(Problem to work on)
Only the lines below between the ones containing "Art o neck Batwing" and "BLACK FAUX LEATHER BLAZER", inclusive, are to be reproduced, each exactly as it stands.

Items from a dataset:

********************

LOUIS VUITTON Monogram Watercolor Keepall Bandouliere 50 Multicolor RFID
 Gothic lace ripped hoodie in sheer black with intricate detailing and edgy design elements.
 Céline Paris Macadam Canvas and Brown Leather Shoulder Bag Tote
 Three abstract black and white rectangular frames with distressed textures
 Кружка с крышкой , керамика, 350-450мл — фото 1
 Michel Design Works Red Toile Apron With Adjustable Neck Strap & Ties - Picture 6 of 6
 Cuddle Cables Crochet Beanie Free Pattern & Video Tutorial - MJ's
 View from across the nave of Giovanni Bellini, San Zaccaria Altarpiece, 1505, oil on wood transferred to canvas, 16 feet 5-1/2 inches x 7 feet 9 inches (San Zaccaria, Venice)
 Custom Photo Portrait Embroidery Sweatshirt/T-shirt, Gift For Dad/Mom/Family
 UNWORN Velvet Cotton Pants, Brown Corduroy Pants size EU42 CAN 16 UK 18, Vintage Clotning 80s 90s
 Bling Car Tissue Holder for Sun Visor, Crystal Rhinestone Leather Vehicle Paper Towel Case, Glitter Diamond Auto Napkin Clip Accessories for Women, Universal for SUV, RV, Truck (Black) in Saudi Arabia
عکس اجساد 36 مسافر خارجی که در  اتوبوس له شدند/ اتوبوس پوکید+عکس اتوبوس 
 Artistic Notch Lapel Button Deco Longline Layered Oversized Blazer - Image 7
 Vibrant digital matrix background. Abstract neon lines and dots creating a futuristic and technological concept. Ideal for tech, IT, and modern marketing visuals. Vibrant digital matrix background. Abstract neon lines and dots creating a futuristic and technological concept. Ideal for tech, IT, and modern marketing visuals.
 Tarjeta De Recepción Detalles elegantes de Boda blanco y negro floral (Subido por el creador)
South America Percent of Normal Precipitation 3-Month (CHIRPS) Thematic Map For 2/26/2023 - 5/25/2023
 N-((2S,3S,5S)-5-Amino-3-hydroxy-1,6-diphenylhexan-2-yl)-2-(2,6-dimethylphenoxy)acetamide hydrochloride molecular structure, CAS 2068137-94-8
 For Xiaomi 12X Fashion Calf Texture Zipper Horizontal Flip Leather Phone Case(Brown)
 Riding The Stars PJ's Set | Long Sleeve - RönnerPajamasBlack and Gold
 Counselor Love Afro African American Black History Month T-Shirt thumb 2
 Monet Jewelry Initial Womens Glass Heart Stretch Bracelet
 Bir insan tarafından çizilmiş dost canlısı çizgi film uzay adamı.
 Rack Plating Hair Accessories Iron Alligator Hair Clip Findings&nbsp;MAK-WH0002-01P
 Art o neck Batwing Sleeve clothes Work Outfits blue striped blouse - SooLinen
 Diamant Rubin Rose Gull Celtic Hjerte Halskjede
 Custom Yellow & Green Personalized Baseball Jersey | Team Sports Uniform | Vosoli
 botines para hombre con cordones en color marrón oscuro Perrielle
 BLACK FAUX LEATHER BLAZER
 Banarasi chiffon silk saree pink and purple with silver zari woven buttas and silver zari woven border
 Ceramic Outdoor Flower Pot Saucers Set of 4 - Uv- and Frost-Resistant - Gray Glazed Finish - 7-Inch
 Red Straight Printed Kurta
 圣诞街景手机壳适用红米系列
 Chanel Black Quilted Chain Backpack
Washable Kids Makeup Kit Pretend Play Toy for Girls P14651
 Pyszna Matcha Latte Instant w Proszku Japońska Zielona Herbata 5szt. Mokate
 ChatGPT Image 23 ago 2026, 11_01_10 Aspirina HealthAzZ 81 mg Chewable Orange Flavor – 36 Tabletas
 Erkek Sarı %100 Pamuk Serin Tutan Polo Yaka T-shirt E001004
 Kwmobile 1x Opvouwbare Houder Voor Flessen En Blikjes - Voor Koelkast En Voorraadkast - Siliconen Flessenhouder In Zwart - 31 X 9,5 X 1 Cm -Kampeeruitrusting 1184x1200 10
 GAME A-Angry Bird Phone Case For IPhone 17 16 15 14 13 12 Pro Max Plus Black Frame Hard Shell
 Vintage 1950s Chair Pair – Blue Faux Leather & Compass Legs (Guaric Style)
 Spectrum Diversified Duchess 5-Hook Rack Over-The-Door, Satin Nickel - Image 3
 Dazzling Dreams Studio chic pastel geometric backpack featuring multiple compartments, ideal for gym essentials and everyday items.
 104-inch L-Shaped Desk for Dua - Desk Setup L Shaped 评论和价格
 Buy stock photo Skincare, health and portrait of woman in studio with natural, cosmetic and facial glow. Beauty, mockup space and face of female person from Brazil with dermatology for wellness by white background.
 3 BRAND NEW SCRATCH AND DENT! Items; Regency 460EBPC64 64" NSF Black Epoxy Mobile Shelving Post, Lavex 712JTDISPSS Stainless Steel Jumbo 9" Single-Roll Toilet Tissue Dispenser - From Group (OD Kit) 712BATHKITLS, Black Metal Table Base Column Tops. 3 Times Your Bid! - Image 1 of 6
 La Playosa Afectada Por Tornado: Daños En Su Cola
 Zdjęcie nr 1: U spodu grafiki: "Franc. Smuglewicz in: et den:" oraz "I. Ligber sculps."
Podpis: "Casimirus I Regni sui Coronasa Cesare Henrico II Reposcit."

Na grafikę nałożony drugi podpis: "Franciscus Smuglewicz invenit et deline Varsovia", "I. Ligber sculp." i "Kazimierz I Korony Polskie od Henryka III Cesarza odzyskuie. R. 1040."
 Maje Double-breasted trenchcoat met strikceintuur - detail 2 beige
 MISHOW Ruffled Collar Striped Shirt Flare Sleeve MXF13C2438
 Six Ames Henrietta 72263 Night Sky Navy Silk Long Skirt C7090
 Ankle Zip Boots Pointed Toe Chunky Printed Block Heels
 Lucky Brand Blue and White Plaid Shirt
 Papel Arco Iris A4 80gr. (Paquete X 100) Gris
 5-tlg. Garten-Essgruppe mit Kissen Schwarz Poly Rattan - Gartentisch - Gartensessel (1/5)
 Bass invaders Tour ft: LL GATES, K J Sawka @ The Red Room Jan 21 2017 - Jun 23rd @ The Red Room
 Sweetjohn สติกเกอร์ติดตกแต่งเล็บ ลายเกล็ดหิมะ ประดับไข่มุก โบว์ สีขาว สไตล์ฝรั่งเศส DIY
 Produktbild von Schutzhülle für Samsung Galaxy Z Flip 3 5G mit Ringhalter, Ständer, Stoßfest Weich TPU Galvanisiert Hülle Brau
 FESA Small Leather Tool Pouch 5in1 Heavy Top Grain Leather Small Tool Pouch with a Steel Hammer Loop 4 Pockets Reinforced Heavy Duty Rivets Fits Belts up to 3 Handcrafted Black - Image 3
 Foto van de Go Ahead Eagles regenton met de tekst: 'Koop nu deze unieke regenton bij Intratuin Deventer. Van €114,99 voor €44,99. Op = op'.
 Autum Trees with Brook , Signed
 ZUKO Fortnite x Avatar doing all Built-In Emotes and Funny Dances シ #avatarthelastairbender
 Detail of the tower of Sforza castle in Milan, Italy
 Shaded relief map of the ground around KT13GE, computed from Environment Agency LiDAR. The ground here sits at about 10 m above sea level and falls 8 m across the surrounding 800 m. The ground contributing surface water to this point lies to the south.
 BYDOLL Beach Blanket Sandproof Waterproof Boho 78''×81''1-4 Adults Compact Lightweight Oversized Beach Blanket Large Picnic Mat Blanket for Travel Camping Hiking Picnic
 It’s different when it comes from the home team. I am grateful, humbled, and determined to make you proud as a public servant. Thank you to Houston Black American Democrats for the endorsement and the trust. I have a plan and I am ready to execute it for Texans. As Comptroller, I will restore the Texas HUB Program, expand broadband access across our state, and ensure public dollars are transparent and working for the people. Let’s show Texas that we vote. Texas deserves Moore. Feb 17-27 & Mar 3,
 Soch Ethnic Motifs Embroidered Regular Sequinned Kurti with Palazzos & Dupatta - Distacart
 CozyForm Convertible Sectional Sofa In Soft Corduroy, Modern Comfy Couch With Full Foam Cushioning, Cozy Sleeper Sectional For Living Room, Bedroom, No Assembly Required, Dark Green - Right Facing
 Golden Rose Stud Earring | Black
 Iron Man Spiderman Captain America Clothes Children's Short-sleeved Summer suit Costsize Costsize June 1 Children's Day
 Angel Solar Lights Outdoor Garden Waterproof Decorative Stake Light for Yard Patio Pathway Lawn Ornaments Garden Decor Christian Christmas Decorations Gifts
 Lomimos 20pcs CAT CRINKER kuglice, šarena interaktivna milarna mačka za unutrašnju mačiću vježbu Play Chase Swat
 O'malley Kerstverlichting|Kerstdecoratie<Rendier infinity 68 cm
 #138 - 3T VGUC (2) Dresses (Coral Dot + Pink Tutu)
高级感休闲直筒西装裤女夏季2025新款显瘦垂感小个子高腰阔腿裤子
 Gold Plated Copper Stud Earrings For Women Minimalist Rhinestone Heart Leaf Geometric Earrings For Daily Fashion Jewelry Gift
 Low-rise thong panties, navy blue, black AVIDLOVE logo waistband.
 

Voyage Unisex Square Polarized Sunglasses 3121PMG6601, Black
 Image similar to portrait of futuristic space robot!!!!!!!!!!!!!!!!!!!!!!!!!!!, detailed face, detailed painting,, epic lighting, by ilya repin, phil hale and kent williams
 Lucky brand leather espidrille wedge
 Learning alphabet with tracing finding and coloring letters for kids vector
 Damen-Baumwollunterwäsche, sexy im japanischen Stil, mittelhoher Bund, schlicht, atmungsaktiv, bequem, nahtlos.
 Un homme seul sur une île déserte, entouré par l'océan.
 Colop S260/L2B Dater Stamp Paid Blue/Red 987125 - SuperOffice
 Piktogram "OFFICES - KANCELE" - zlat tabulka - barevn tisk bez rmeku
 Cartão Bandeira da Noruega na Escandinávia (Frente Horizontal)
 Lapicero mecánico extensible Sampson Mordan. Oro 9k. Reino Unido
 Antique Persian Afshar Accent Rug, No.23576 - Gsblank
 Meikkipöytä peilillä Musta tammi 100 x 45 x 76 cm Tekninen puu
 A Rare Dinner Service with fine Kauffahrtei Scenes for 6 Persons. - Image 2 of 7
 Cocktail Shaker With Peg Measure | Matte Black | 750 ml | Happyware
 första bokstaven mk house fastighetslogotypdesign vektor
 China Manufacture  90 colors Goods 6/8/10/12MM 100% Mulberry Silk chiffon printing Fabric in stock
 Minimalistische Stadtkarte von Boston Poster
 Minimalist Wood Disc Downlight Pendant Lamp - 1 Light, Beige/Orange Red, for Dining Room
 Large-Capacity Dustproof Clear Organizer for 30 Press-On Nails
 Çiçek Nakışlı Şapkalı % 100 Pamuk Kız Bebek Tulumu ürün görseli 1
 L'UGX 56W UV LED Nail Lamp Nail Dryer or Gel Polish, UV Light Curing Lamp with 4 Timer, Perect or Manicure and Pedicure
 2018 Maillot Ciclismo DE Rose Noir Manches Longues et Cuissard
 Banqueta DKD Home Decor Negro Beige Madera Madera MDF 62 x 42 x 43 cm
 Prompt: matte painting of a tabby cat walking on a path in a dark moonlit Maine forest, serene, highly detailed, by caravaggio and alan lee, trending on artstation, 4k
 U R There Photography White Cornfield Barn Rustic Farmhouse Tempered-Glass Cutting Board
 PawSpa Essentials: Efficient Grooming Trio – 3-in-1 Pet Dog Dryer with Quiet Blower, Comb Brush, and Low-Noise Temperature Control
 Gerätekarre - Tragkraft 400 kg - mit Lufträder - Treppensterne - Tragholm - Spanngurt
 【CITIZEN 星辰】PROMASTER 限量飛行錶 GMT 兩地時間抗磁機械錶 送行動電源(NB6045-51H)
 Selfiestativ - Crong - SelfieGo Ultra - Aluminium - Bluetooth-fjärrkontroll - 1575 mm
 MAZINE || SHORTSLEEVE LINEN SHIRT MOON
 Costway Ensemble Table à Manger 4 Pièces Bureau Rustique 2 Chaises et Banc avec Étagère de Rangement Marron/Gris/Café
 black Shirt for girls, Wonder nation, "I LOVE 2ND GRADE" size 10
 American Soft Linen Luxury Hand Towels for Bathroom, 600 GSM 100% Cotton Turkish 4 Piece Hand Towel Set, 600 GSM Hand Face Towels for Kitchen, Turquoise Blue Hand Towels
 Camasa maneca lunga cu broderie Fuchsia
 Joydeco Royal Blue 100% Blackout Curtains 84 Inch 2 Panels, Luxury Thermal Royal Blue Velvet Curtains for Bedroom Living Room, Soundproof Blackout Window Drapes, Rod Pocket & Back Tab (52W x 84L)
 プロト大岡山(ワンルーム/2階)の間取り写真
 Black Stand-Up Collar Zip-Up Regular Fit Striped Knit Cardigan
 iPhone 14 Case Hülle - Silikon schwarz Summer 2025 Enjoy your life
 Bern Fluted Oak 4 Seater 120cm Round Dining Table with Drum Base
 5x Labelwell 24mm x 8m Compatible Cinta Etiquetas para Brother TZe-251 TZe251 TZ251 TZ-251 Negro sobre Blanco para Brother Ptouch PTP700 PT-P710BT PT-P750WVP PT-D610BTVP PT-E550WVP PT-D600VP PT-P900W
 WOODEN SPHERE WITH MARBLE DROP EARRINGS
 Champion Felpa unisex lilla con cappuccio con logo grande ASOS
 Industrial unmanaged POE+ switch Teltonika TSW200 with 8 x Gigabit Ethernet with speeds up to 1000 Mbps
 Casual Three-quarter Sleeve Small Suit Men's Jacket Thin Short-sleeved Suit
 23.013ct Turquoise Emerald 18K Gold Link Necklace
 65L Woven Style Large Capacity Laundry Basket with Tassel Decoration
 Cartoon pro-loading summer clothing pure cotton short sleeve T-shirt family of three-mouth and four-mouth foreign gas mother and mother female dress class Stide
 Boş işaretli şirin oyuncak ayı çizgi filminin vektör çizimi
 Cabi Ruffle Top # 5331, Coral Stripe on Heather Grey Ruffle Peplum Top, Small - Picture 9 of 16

********************

(Response for this exercise)
 Art o neck Batwing Sleeve clothes Work Outfits blue striped blouse - SooLinen
 Diamant Rubin Rose Gull Celtic Hjerte Halskjede
 Custom Yellow & Green Personalized Baseball Jersey | Team Sports Uniform | Vosoli
 botines para hombre con cordones en color marrón oscuro Perrielle
 BLACK FAUX LEATHER BLAZER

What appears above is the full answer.